Fronteiras, integração e paradiplomacia | Monções – Revista de Relações Internacionais | 2017
As relações internacionais são permeáveis a mudanças. Consequentemente, a análise do comportamento dos atores internacionais não pode ficar resumida a uma única visão de mundo ou de um único modelo proposto.
Acompanhando as mudanças globais ocorridas nas últimas décadas, novos atores se beneficiam das ações cooperativas internacionais, dos novos ambientes decisórios e de políticas públicas nacionais que buscam a inserção e a indução nestes novos espaços. Desta maneira, as entidades subnacionais têm-se qualificado cada vez mais para participar das oportunidades ofertadas neste cenário, a descentralização das ações e a ampliação o rol de atores desta relação.

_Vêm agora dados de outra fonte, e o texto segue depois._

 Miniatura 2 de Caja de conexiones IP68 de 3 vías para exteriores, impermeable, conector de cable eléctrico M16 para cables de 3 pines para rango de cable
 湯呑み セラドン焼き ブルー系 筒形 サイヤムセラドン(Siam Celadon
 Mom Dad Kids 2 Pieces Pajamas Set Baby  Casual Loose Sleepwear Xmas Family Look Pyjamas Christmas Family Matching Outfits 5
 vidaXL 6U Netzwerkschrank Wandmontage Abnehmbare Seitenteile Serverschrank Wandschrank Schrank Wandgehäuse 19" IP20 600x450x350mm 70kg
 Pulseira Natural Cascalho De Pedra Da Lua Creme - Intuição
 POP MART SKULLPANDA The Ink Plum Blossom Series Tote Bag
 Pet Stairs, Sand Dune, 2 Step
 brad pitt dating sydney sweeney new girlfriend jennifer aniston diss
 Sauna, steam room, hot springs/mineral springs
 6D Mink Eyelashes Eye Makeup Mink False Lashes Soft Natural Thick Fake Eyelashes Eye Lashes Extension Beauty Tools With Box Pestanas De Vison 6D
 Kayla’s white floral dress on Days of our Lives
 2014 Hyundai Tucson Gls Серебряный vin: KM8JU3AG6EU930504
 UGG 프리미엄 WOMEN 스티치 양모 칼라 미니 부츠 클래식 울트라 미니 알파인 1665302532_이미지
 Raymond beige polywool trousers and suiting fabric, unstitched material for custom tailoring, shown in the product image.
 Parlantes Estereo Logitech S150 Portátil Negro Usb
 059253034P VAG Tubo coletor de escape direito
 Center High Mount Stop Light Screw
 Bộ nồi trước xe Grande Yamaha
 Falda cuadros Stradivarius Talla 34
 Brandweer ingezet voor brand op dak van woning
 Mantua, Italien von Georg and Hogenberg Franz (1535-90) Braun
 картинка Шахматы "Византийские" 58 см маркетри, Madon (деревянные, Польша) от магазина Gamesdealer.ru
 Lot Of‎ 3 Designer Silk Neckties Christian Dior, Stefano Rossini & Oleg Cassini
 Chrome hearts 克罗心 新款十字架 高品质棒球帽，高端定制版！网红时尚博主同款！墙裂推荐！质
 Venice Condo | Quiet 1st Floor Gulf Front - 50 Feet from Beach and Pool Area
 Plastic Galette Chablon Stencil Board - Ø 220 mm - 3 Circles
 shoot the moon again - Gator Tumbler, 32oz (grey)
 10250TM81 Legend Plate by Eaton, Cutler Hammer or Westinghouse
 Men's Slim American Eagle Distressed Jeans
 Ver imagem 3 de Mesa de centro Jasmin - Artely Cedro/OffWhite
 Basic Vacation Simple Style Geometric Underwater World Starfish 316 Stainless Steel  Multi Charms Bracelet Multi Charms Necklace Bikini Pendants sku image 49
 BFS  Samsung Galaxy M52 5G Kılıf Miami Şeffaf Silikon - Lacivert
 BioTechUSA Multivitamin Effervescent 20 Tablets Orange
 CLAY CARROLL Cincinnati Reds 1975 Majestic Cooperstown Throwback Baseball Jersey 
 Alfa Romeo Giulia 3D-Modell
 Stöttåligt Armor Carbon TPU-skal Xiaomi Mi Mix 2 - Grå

Ao passo que os Estados, sem colocar as suas soberanias em xeque, promovem ações de cooperação que vão além de suas fronteiras, aplicam critérios compatíveis, criam conexões internacionais. Apesar de uma conjuntura política e econômica atual que, no caso do Brasil, tem-se apresentado menos aberta a considerar a solidariedade com o “outro lado” da fronteira.
Mundo afora, a fronteira-cooperação parece estar sendo substituída pela noção de fronteira-segurança. O momento atual parece revelar um fechamento seletivo das fronteiras: aos refugiados, aos migrantes, aos direitos, colocando grandes desafios para a cooperação descentralizada transfronteiriça. A crise dos refugiados no Oriente Médio, com repercussões em várias regiões do mundo desenvolvido e em desenvolvimento, ilustra esse dilema posto em torno de como conceber a fronteira. As fronteiras facilitam o processo de aproximação e cooperação, todavia estas regiões, em certos casos, apresentam graves atrasos econômicos, sociais, em termos de segurança das populações e apresentam uma frágil infraestrutura devido a sua condição de periferia na organização de poder e em sua posição geográfica dentro do Estado. As guerras fazem da fronteira uma porta de saída obrigatória para refugiados e todos aqueles que se sentem ameaçados. Entretanto, a fronteira também é um ambiente propício para o desenvolvimento de ações de cooperação e de verificação de resultados práticos e concretos de políticas públicas no que chamamos de região de fronteira.
Não menos importante, os estudos sobre as fronteiras têm sido mais numerosos e têm tratado de novas dimensões, não mais se restringindo somente à ideia de fronteira-limite e/ou fronteira-separação, mas igualmente envolvendo as dinâmicas econômicas, migratórias, problemas de segurança e defesa em um viés cooperativo, políticas públicas, relações sociais, culturais e de identidade. Neste intuito, advogamos a ideia da fronteira como um espaço de cooperação, construção de proximidade de estados e entidades subnacionais e que sejam um ambiente de convivência e contato entre as nações. Na tentativa de compreender a interação promovida pelas entidades subnacionais em área de fronteira, ao longo deste dossiê notamos a presença de um conceito proposto principalmente em estudos e pesquisas focados na América Latina e na Europa, mas também apresentamos perspectivas africanas, o que torna o número desta revista, ainda mais interessante.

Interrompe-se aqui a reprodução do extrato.